Lisa intentó que no se notara su decepción por la escasa información.

—¿Y qué sucedió a continuación? —preguntó.

—Cuando mi madre supo que la niña acabaría en un hogar para niños porque casi no había esperanzas de encontrar a su familia, decidió sin pensárselo dos veces que la acogiéramos y le diéramos un nuevo hogar —contestó Robert.

—La abuela era realmente una mujer generosa —dijo Lisa—. Ya tenía dos hijos, supongo que no era fácil alimentarlos... ¿y qué dijo vuestro padre?

Robert sonrió.

—Cuando a mi madre se le metía algo en la cabeza no tenía opción. Ella siempre sabía cómo engatusarlo... pero, bromas aparte, mi padre enseguida se enamoró de la pequeña. Igual que Hans y yo.
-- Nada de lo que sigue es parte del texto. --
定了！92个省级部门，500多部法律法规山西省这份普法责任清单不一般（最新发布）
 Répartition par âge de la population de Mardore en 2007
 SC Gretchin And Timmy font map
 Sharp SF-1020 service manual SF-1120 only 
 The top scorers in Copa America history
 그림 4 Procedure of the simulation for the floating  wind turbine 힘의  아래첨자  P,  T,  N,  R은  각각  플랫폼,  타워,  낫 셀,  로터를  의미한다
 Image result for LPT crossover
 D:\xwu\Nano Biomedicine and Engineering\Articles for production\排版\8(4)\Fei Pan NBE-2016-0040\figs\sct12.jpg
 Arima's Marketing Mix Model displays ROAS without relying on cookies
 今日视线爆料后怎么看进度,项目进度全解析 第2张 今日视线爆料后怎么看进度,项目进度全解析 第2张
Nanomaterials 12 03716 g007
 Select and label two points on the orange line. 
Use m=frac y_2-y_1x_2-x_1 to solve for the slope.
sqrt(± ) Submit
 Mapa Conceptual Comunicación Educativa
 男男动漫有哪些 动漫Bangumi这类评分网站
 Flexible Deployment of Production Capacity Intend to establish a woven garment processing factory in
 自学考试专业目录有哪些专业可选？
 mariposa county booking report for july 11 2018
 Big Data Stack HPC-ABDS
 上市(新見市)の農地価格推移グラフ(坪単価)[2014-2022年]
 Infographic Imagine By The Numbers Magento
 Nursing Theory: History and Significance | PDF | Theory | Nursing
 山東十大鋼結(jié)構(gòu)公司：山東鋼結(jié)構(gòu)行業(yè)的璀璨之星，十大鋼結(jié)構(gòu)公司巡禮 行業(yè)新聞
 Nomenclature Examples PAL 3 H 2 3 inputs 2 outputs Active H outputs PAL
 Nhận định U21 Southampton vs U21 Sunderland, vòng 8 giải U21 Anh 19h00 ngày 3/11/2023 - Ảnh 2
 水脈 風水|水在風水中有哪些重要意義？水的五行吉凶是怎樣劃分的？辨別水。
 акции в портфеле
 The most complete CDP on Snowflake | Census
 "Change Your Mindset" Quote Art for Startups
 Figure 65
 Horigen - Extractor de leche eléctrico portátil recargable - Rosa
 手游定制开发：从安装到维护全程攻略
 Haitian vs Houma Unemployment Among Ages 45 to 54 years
—Realmente mi madre tuvo mucha suerte —comentó Lisa—. Seguro que a la mayoría de huérfanos de la guerra no les fue tan bien.

—Es cierto —admitió Robert, y se levantó—. Voy a buscar un té, tengo la garganta seca.

Se acercó a un pequeño cobertizo y regresó con una cesta de la que sacó un termo, dos vasos de latón abollados y una bolsa de papel. Abrió la bolsa y se la ofreció a Lisa: eran bollos de aroma tentador de la panadería Lenz, que ahora llevaba Christian, el hijo de Robert. Lisa escogió una caracola con semillas de amapola cubierta de una capa espesa de cobertura de azúcar y mantequilla. Le dio un mordisco y sintió que retrocedía en el tiempo. De pequeña el horno de la empresa familiar le parecía el paraíso. Le encantaba ver cómo su abuelo formaba rosquillas, tartas de manzana o esas caracolas con unos pocos movimientos hábiles con las manos. Por aquel entonces tenía claro que algún día se casaría con un panadero.

—Ahora recuerdo que en el medallón había también una tarjeta postal —dijo Robert, al tiempo que le alcanzaba a Lisa un vaso de té.

—¿Qué tipo de postal? —preguntó Lisa—. El abogado no me la envió.